Dermatology TextbookGenerating differential diagnosisPart C Differential Diagnosis

Differential Diagnosis of Necrosis

Introduction

Cutaneous necrosis refers to the death of skin tissue, presenting as darkened, devitalized areas that may progress to eschar formation. Recognizing necrosis is critical as it often indicates vascular occlusion, severe infection, or drug reaction requiring urgent intervention. The pattern, distribution, and clinical context guide diagnosis.


42.1 Causes of Cutaneous Necrosis

42.1.1 Vascular Occlusion

Calciphylaxis (Calcific Uremic Arteriolopathy)

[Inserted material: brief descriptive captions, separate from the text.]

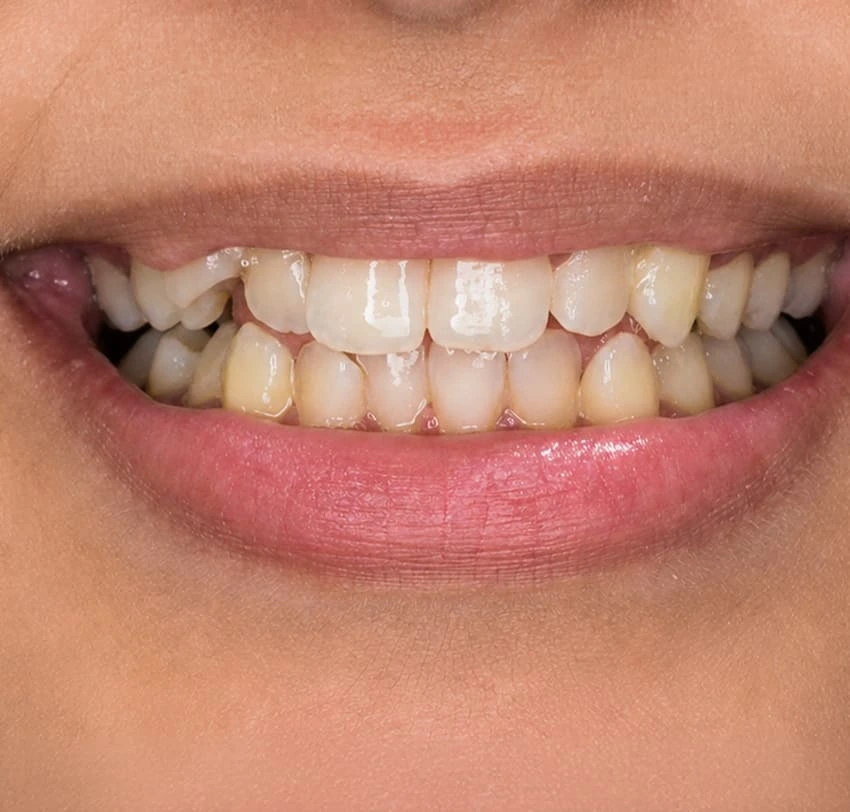 Crossbite and dental misalignment before Invisalign treatment at TAM Dental Clinic.
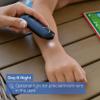Beurer BR90 Insect Sting and Bite Relief with Light, Chemical-Free Bug Bite Healer for Day and Night, Electronic Heat Device for After Mosquito Bites to Ease Itching and Swelling view 3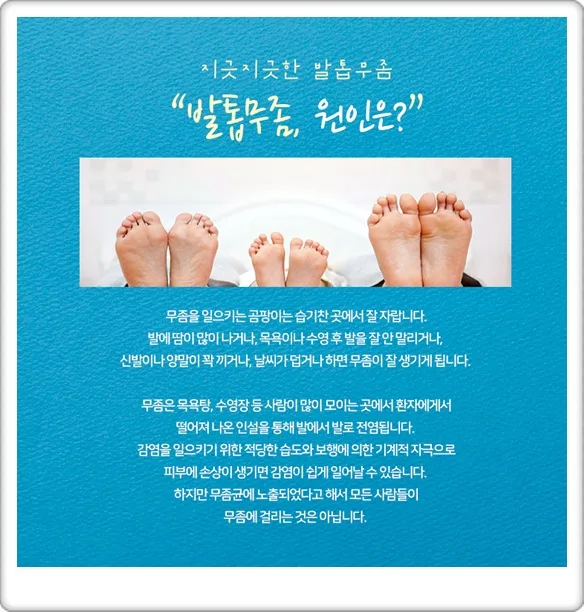 발톱 무좀 치료, 2026년 시작해야 하는 이유와 방법 총정리 2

  • Setting: End-stage renal disease (ESRD), Dialysis patients. Also non-uremic (obesity, warfarin, hyperparathyroidism).
  • Pathogenesis: Calcium deposition in media of small arteries → Thrombosis → Ischemia → Necrosis.
  • Clinical Features:
    • Livedo racemosa.
    • Painful, indurated plaques → Necrotic ulcers with eschar.
    • Distribution: Trunk, Thighs, Buttocks, Abdomen (proximal > distal).
  • Prognosis: Very poor (50-80% 1-year mortality).
  • Management: Wound care, Pain management, Sodium thiosulfate, Correct calcium/phosphate, Consider parathyroidectomy.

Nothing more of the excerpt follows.